So layer3maniac, what was wrong with the MPC encode?

MPC vs OGG

Reply #60
Yeah, of course you can randomize the encoded sample, so then there's no that kind of "favorite codec" bias in ABX.

I don't think there's this kind of bias for me however, and I would think it would be the other way: I would like to know if my favorite codec sample is not transparent so I would ABX even more rigorously. This is definitely the case in codec tweaking.

I would not bother ABX not very good codec so well... but would probably get high confidence result anyway.
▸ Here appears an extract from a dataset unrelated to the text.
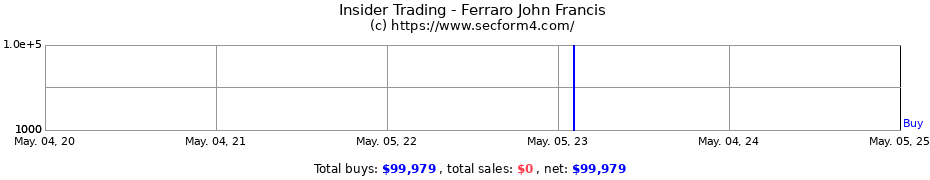 Insider Trading Transactions for Ferraro John Francis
And as it's been said. Only thing that matter in ABX is high confidence result. Anything else doesn't prove anything (except for the individual at that moment that he could not hear a difference).
Juha Laaksonheimo

MPC vs OGG

Reply #61
I assume that the vast majority of people join you in wanting to critically test their favorite codecs.  I suspect that the listener fatigue is more of an issue and thus a reason to randomize the codecs than is any desire for one codec to be "proven" better than another.  So in general, I have no qualms about the ABX testing procedure, because X remains unknown.
God kills a kitten every time you encode with CBR 320

MPC vs OGG

Reply #62
timcupery took the words out of my keyboard...
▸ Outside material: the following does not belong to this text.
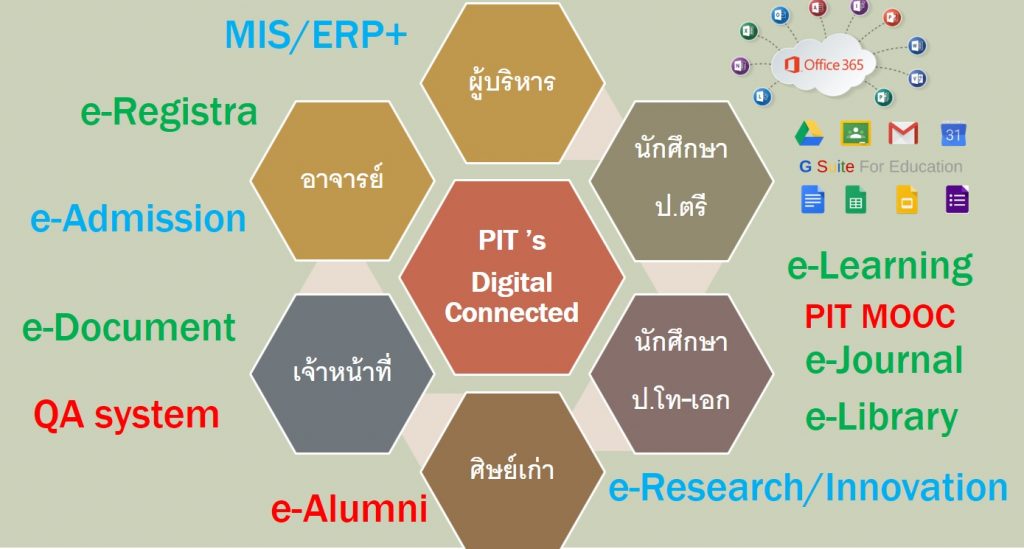 บริการอินเตอร์เน็ตและสารสนเทศ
But keep in mind that even though people with good ears favor good codecs (mainly mpc) they are striving to reach even better results perhaps leading to an open mind when comparing codecs. (it could happen, you know!  )

I don't know anything about the inner workings of EAQUAL but it seems like it uses some sort of psychoacoustic model and afaik every one of those models was developed using listening tests conducted by humans. So in the end you are not working with a tool with mathematical precision but with an estimate of how much some audible signal differs from the original.

I wonder how you can be less sceptical about the results of a computer program than about the results of a huge number of people.

If you could use for example the xing model to judge codec quality, would you trust it even though many have proven that it is not accurate?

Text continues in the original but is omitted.